For example, Outland Road in Plymouth, is four lanes wide, with broad pavement, light control, crossing points, and good lighting. The speed limit is 30, because there are lots of houses on one side, with park land and sports grounds on the other side. So at two o'clock in the morning, when the is very little traffic, it is still 30. A lot of drivers will try to get away with ignoring this limit, because at night it is pointless.
An example the other way, is Shalloak Road near Canterbury, where we used to live. A narrow winding country lane, with a railway crossing, multiple sharp bends and sharp corners, no pavement either side, no lighting, no lane markings, and a speed limit of 60, because us and next door were the only houses there. (There used to be four.) We had cars in our garden four or five times a year, cars on the railway at least one a year, one building demolished by a car that went into it, and another seriously damaged. There were frequent collisions on the road, but no one was ever going to be prosecuted for dangerous driving because they had not breeched the speed limit.

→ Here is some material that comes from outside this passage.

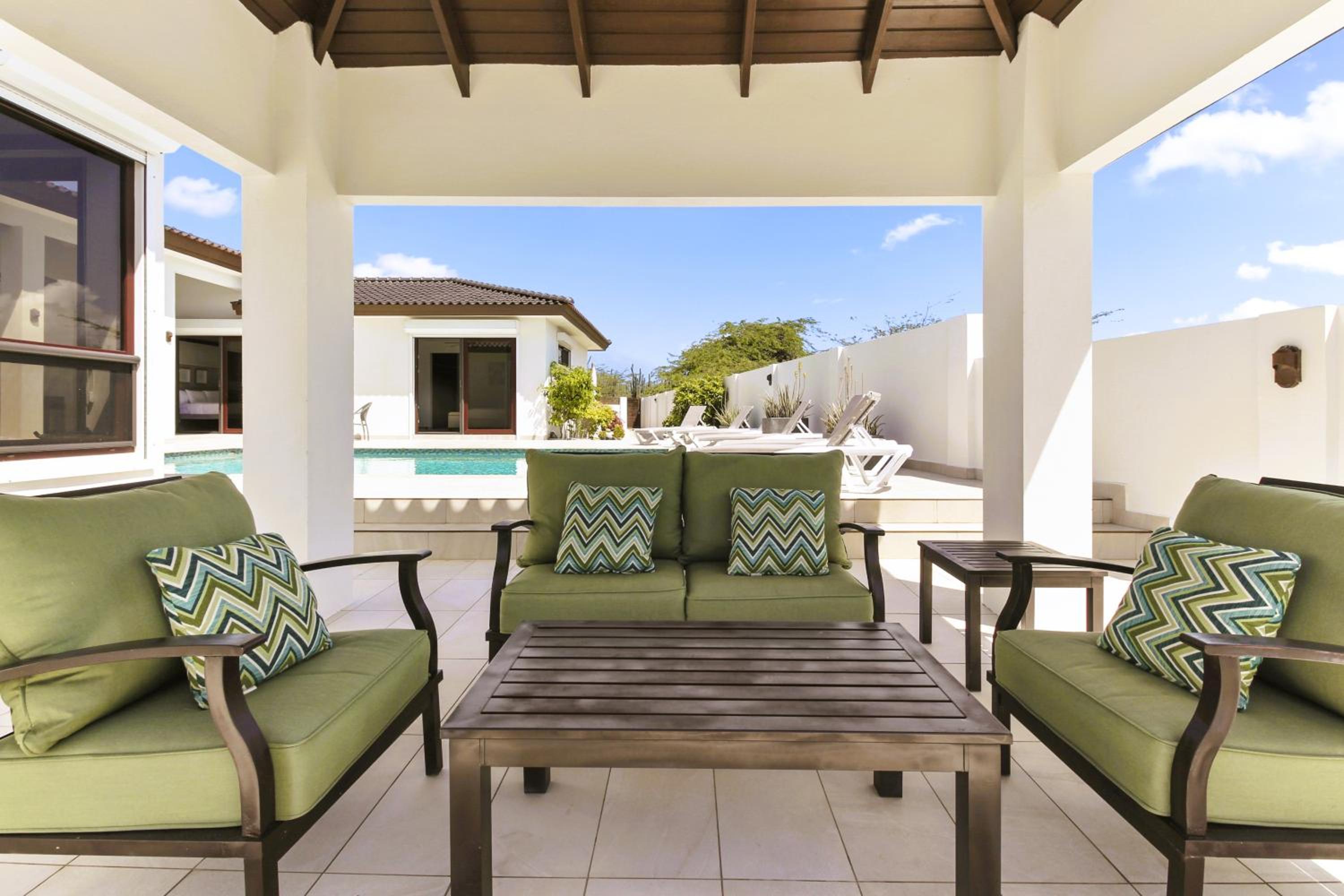 Arashi Palm Villa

What we need, is a system of speed limits that is designed to reflect the nature of each road and the conditions that would generally by encountered on that road. 30 in a town centre, 40 elsewhere in a town, 40 also on rural roads that are too narrow to allow vehicles to pass at speed, or have multiple bends or other obstructions that might make the road hazardous at high speed.

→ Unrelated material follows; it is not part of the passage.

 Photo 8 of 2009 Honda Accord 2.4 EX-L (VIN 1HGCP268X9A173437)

Another idea which would improve road safety alongside an improved speed limit system would be to redesign the driving instruction system as well to teach people to drive according to the nature and conditions of the road, rather than just teaching control of the vehicle. This could be balanced by increased application of the charge of "Driving Without Due Care And Attention", which in itself would be better enforced by spot penalties rather than months spent dragging every case through the courts.